For the study, researchers had 86 men, ages 9 to 35, play a computer gambling game with two types of selection options: risky and safe. Scientists found that teen players chose the risky options more often than participants in other age groups.

“The reason that teenagers take risks is not a problem with foreseeing the consequences, said Stephanie Burnett, a neuroscientist at the institute and the study’s lead author. “It was more because they chose to take those risks.”

The biggest teen thrill-seekers were 14-year-old boys, researchers said.

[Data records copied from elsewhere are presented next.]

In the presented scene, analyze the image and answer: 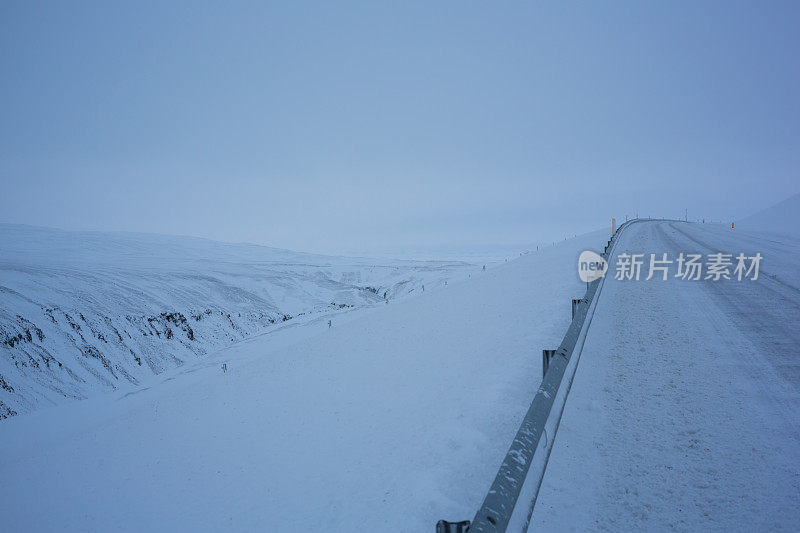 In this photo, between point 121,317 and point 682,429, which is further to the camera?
point 121,317

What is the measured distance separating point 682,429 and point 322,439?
17.6 ft

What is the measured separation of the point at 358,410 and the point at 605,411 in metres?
4.61

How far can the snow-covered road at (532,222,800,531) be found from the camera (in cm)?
284

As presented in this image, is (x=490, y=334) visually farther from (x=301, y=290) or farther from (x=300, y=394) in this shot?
(x=301, y=290)

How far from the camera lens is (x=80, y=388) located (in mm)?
18562

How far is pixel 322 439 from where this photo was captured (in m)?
6.57

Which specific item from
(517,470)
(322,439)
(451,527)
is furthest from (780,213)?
(451,527)

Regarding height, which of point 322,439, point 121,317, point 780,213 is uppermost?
point 780,213

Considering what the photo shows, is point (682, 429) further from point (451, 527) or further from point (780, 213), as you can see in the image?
point (780, 213)

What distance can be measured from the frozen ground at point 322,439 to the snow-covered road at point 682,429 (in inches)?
36.7

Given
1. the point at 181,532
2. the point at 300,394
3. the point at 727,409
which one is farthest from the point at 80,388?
the point at 727,409

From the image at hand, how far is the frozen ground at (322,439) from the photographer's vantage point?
4512 millimetres

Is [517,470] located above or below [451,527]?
above

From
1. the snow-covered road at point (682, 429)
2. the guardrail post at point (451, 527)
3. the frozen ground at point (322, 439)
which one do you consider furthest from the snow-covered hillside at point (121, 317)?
the snow-covered road at point (682, 429) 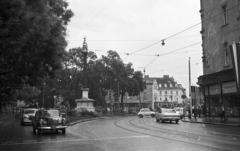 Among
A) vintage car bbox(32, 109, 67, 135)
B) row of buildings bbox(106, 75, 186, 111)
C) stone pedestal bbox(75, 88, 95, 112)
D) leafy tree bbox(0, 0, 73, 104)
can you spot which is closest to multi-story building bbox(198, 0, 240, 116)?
leafy tree bbox(0, 0, 73, 104)

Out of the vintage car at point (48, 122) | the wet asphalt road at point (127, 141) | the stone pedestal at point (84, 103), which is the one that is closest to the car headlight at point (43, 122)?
the vintage car at point (48, 122)

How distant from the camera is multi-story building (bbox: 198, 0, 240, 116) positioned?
30.2 m

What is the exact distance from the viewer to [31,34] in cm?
1471

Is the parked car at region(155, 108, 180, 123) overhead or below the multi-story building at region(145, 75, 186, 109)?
below

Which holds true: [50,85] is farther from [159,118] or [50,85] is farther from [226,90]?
[226,90]

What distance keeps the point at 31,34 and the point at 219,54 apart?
24816 millimetres

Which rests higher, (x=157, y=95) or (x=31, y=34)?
(x=31, y=34)

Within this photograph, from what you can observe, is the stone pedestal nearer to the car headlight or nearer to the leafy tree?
the leafy tree

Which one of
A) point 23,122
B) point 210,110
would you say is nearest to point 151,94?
point 210,110

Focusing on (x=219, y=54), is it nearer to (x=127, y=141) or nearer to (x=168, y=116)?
(x=168, y=116)

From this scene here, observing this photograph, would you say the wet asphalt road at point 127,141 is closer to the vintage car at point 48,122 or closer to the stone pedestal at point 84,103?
the vintage car at point 48,122

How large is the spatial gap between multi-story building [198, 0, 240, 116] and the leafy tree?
665 inches

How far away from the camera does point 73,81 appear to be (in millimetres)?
65625

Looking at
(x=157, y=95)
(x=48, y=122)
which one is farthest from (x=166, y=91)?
(x=48, y=122) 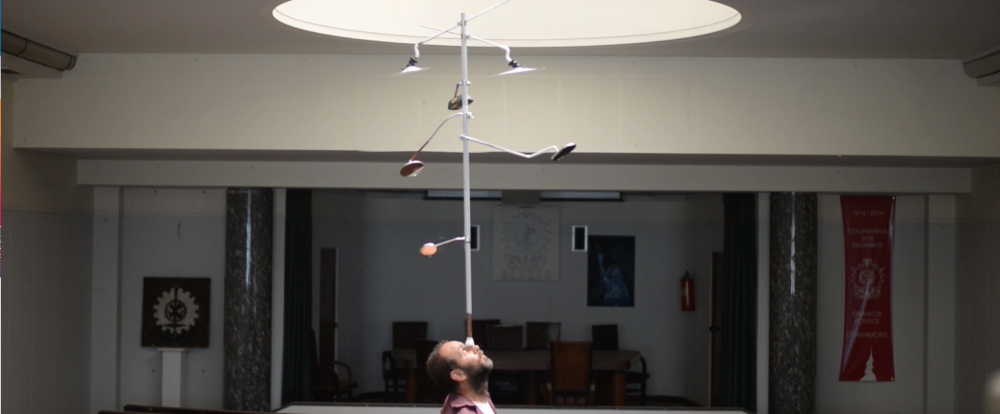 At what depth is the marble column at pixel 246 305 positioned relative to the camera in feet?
22.0

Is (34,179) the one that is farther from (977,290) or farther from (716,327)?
(977,290)

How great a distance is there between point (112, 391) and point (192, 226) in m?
1.48

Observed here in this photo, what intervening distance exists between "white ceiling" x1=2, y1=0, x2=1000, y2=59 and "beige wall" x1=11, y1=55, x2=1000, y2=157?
133 mm

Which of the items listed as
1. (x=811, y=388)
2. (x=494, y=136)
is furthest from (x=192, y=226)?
(x=811, y=388)

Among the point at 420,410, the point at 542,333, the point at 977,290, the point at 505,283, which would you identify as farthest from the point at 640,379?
the point at 977,290

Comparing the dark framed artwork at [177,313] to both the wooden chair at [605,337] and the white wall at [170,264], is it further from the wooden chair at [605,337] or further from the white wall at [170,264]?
the wooden chair at [605,337]

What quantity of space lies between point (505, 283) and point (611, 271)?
4.07ft

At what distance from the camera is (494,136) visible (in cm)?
560

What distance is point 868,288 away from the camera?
7055 millimetres

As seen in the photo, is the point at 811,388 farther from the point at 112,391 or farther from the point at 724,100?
the point at 112,391

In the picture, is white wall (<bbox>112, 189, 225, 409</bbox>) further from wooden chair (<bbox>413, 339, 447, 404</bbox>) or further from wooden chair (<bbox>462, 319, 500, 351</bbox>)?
wooden chair (<bbox>462, 319, 500, 351</bbox>)

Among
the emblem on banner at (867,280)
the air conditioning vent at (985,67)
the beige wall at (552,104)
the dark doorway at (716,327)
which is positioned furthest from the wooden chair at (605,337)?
the air conditioning vent at (985,67)

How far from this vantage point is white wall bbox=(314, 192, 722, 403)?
32.4 feet

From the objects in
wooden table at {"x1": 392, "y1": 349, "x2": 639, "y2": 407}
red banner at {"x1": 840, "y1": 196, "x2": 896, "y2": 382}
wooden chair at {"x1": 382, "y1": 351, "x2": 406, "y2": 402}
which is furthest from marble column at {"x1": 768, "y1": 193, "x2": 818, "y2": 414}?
wooden chair at {"x1": 382, "y1": 351, "x2": 406, "y2": 402} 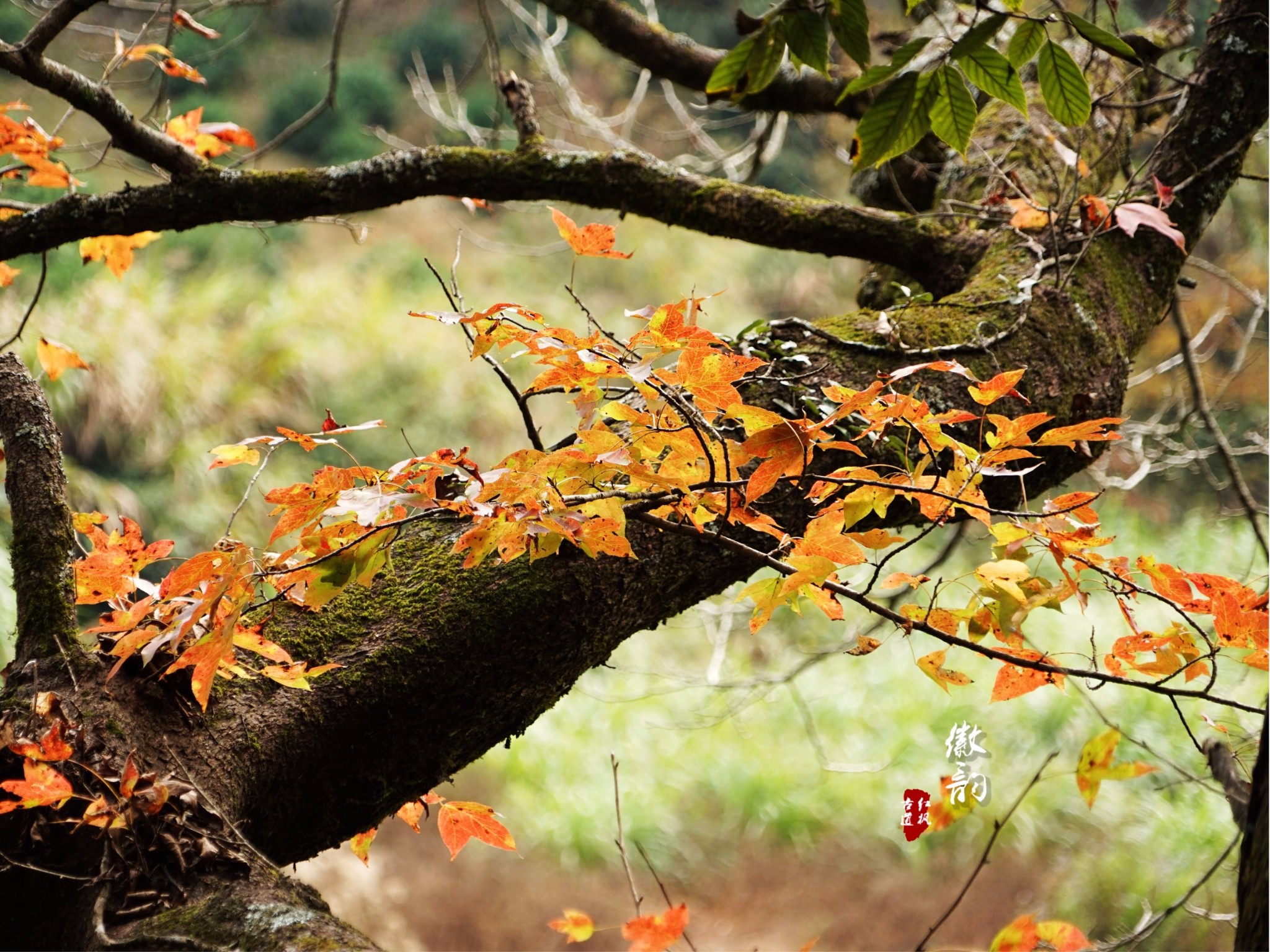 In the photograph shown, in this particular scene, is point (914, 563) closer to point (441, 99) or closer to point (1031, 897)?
point (1031, 897)

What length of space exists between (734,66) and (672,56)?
1199 millimetres

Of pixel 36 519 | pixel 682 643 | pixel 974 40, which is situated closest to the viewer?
pixel 974 40

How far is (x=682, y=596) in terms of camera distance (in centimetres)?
82

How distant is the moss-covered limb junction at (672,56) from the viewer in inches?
61.8

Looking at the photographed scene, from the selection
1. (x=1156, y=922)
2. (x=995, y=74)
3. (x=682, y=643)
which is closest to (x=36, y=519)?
(x=995, y=74)

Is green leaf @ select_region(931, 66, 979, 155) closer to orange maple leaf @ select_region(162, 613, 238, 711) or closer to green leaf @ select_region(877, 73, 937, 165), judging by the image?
green leaf @ select_region(877, 73, 937, 165)

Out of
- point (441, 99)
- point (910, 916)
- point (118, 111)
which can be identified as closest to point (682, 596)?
point (118, 111)

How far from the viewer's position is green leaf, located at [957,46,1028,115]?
0.49 meters

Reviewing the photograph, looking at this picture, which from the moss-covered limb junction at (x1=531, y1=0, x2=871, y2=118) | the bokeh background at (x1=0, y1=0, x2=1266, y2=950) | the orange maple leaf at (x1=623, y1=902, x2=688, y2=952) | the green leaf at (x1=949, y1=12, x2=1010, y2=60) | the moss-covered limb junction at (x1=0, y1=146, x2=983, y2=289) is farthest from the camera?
the bokeh background at (x1=0, y1=0, x2=1266, y2=950)

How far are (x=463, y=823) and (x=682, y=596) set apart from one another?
0.89ft

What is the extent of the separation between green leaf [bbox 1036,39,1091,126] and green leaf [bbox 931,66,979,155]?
1.7 inches

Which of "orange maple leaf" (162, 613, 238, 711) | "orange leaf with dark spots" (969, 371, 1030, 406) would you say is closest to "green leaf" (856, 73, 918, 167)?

According to UCL’s press material, scientists found that young people’s risk-taking behavior manifested as soon as they became adolescents. Researchers noticed that teens got a huge rush when they emerged unscathed from perilous situations, which may explain why they take heftier risks.

Why is this research key?

“Understanding why adolescents take such risks is important for public health interventions and for families,” said Sarah-Jayne Blakemore, another institute neuroscientist and a study coauthor.

Teens’ penchant for risk-taking, Blakemore said, “contributes to the so-called ‘health paradox’ of adolescence, whereby a peak in lifetime physical health is paradoxically accompanied by high mortality and morbidity.”